Differentiating renal tumours into grades and tumour subtype from medical imaging is important for patient management; however, there is an element of subjectivity when performed qualitatively. Quantitative analysis such as radiomics may provide a more objective approach. The purpose of this article is to systematically review the literature on computed tomography (CT) radiomics for grading and differentiating renal tumour subtypes. An educational perspective will also be provided.

Methods

The Preferred Reporting Items for Systematic Reviews and Meta-Analyses checklist was followed. PubMed, Scopus and Web of Science were searched for relevant articles. The quality of each study was assessed using the Radiomic Quality Score (RQS).

Results

13 studies were found. The main outcomes were prediction of pathological grade and differentiating between renal tumour types, measured as area under the curve (AUC) for either the receiver operator curve or precision recall curve.
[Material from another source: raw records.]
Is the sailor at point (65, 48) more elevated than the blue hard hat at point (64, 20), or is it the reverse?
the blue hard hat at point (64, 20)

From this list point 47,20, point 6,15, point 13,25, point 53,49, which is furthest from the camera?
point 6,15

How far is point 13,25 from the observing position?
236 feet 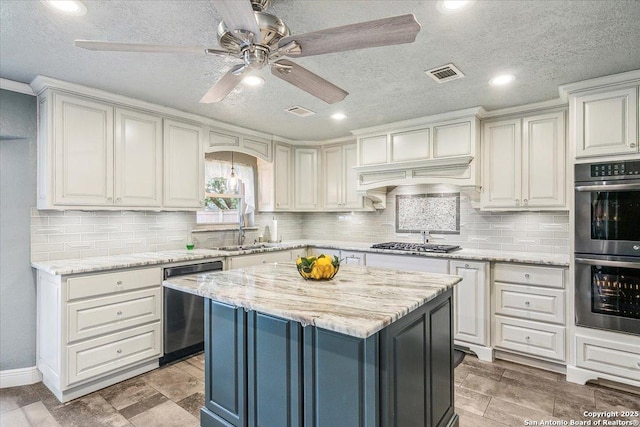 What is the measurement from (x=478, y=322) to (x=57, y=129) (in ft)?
13.6

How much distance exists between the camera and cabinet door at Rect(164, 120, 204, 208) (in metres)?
3.55

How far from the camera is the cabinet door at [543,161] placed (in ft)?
10.7

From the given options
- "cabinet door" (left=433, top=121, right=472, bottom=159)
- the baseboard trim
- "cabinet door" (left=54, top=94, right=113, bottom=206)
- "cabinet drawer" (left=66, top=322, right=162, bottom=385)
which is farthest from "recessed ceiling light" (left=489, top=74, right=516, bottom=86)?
the baseboard trim

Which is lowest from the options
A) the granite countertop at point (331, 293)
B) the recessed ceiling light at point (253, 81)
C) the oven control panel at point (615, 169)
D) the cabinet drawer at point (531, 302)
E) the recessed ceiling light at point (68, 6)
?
the cabinet drawer at point (531, 302)

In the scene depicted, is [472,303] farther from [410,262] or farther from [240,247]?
[240,247]

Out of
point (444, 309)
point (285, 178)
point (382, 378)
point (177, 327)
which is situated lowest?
point (177, 327)

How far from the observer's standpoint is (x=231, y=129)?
13.8 ft

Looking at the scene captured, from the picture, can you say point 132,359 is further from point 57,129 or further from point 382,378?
point 382,378

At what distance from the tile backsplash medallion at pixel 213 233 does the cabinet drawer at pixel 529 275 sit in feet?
1.96

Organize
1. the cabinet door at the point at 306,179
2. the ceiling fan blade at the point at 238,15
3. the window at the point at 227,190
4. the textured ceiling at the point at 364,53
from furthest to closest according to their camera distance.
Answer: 1. the cabinet door at the point at 306,179
2. the window at the point at 227,190
3. the textured ceiling at the point at 364,53
4. the ceiling fan blade at the point at 238,15

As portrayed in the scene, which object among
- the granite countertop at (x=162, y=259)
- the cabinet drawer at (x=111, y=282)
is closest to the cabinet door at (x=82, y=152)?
the granite countertop at (x=162, y=259)

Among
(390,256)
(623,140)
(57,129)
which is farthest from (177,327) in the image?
(623,140)

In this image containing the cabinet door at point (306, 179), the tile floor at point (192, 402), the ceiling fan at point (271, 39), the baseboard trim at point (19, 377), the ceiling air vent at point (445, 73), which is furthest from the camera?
the cabinet door at point (306, 179)

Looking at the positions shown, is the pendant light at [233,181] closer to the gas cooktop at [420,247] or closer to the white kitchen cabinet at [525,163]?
the gas cooktop at [420,247] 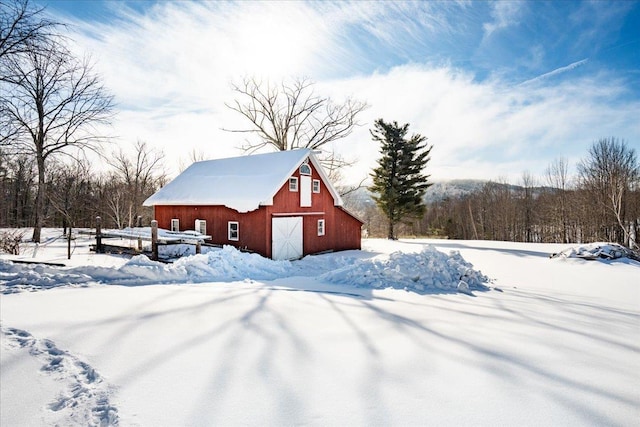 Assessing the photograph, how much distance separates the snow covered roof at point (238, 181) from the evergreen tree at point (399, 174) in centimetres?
984

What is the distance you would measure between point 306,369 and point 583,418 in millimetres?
1962

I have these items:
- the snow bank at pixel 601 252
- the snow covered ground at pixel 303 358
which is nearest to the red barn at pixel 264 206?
the snow covered ground at pixel 303 358

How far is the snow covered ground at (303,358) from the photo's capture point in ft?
7.56

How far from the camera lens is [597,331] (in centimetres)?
412

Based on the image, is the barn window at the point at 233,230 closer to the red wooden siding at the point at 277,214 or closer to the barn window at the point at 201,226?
the red wooden siding at the point at 277,214

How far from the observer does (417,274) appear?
774 centimetres

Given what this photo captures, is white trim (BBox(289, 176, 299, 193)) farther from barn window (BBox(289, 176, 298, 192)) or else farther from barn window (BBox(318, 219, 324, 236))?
barn window (BBox(318, 219, 324, 236))

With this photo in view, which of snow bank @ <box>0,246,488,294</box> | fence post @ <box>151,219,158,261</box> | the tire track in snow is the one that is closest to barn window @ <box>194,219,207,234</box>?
fence post @ <box>151,219,158,261</box>

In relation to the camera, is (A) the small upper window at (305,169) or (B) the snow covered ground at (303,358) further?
(A) the small upper window at (305,169)

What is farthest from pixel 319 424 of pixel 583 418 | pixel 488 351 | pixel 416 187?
pixel 416 187

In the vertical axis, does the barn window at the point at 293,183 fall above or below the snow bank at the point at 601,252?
above

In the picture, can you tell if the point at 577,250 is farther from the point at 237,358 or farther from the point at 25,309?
the point at 25,309

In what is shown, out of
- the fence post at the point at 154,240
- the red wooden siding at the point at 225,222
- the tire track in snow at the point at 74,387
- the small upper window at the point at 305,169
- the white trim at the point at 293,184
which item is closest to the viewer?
the tire track in snow at the point at 74,387

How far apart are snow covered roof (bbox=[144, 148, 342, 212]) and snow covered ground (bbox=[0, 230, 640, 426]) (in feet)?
31.0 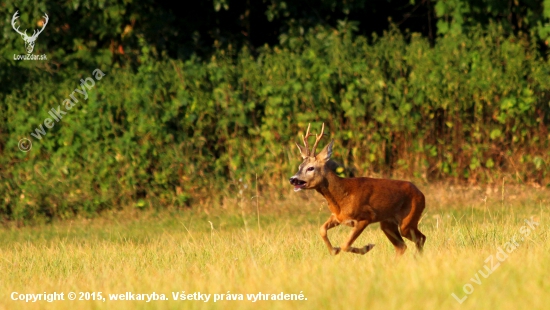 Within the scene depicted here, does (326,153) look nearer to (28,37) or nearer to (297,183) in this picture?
(297,183)

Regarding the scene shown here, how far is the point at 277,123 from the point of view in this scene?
13750mm

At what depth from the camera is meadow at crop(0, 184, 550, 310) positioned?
18.9 feet

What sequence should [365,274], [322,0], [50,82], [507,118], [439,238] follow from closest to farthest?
[365,274] < [439,238] < [507,118] < [50,82] < [322,0]

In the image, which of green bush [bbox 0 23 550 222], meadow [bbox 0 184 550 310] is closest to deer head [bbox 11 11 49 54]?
green bush [bbox 0 23 550 222]

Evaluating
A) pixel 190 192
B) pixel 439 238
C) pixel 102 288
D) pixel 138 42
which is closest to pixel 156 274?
pixel 102 288

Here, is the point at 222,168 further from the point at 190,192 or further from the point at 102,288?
the point at 102,288

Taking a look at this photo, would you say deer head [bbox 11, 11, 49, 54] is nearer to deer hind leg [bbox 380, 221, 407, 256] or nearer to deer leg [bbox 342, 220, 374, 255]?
deer hind leg [bbox 380, 221, 407, 256]

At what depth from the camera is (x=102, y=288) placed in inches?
267

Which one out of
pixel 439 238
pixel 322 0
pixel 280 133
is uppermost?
pixel 322 0

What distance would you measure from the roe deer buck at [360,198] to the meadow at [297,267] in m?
0.30

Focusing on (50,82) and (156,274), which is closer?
(156,274)

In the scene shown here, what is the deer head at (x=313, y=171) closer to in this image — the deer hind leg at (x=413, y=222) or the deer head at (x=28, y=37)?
the deer hind leg at (x=413, y=222)

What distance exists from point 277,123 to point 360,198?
613 cm

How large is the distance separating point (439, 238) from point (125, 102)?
6.63 metres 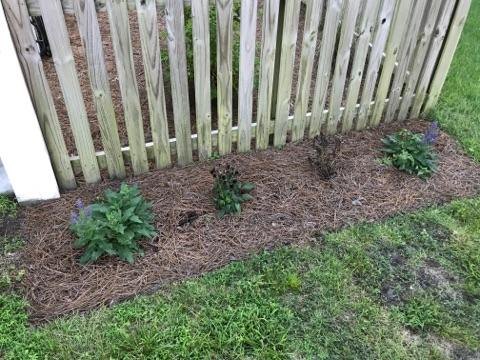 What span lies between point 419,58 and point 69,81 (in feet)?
9.64

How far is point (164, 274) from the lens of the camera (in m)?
2.83

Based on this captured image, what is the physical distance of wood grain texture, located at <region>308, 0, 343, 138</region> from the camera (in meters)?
3.29

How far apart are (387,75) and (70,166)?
2.74 metres

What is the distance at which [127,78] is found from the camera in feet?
9.84

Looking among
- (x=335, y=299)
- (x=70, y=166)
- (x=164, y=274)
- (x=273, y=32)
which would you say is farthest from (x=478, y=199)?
(x=70, y=166)

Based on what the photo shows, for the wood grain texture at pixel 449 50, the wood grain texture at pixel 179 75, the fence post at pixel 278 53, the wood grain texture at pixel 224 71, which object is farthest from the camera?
the wood grain texture at pixel 449 50

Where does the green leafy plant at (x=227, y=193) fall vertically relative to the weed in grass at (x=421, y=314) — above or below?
above

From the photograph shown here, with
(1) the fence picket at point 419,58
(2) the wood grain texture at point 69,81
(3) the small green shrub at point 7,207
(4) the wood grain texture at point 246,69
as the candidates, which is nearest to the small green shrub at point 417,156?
(1) the fence picket at point 419,58

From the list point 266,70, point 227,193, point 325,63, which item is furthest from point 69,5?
point 325,63

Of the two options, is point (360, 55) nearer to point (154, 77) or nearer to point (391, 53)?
point (391, 53)

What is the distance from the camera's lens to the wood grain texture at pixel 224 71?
2.96 m

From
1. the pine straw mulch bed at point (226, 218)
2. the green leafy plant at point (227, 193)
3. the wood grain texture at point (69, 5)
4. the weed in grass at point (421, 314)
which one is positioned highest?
the wood grain texture at point (69, 5)

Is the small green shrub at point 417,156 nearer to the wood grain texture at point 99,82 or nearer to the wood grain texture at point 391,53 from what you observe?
the wood grain texture at point 391,53

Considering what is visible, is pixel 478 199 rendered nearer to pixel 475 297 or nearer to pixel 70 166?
pixel 475 297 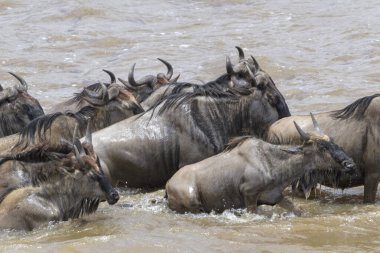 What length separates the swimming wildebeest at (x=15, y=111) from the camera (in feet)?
39.5

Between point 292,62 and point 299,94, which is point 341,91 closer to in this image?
point 299,94

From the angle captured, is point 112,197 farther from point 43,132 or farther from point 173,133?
point 173,133

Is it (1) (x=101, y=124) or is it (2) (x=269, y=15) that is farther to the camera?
(2) (x=269, y=15)

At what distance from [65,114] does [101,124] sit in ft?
2.29

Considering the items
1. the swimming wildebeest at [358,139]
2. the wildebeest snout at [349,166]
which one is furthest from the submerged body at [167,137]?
the wildebeest snout at [349,166]

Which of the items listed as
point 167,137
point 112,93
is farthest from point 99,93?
point 167,137

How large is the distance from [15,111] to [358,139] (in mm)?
4175

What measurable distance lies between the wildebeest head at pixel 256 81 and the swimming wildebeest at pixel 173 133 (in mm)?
168

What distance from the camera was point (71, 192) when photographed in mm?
8992

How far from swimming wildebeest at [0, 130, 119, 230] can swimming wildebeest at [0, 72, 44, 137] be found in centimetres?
316

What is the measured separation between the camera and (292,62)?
18.2m

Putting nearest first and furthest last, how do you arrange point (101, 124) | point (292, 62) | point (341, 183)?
point (341, 183) → point (101, 124) → point (292, 62)

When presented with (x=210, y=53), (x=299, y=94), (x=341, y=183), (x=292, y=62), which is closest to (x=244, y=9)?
(x=210, y=53)

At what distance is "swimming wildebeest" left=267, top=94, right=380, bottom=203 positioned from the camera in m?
9.97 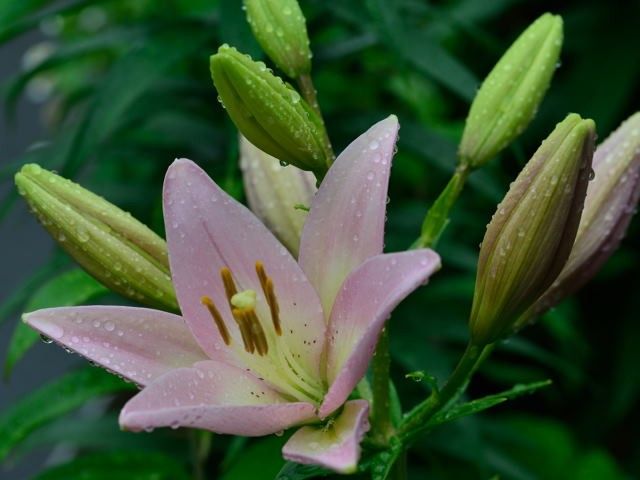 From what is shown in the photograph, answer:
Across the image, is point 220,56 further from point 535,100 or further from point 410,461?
point 410,461

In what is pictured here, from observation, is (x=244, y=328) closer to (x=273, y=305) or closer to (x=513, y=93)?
(x=273, y=305)

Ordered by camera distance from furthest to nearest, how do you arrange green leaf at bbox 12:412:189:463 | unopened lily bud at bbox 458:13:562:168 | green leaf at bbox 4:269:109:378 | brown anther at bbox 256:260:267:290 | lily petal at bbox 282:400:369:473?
green leaf at bbox 12:412:189:463 < green leaf at bbox 4:269:109:378 < unopened lily bud at bbox 458:13:562:168 < brown anther at bbox 256:260:267:290 < lily petal at bbox 282:400:369:473

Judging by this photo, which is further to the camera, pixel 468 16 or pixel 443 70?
pixel 468 16

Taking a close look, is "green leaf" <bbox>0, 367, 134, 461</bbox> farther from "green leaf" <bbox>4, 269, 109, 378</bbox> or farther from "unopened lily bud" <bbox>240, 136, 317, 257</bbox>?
"unopened lily bud" <bbox>240, 136, 317, 257</bbox>

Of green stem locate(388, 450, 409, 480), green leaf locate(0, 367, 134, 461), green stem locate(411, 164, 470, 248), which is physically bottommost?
green leaf locate(0, 367, 134, 461)

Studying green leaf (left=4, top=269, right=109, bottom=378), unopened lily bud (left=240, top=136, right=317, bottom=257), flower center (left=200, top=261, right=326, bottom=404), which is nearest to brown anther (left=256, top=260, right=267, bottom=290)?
flower center (left=200, top=261, right=326, bottom=404)

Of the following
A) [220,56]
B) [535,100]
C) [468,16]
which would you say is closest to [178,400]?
[220,56]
Features extracted to predict pathological grade or tumour subtype included shape, intensity, texture and wavelet (a type of higher order feature). Four studies differentiated between low-grade and high-grade clear cell renal cell cancer (RCC) with good performance (AUC = 0.82–0.978). One other study differentiated low- and high-grade chromophobe with AUC = 0.84. Finally, eight studies used radiomics to differentiate between tumour types such as clear cell RCC, fat-poor angiomyolipoma, papillary RCC, chromophobe RCC and renal oncocytoma with high levels of performance (AUC 0.82–0.96).

Conclusion

Renal tumours can be pathologically classified using CT-based radiomics with good performance. The main radiomic feature used for tumour differentiation was texture. Fuhrman was the most common pathologic grading system used in the reviewed studies. Renal tumour grading studies should be extended beyond clear cell RCC and chromophobe RCC. Further research with larger prospective studies, performed in the clinical setting, across multiple institutions would help with clinical translation to the radiologist’s workstation.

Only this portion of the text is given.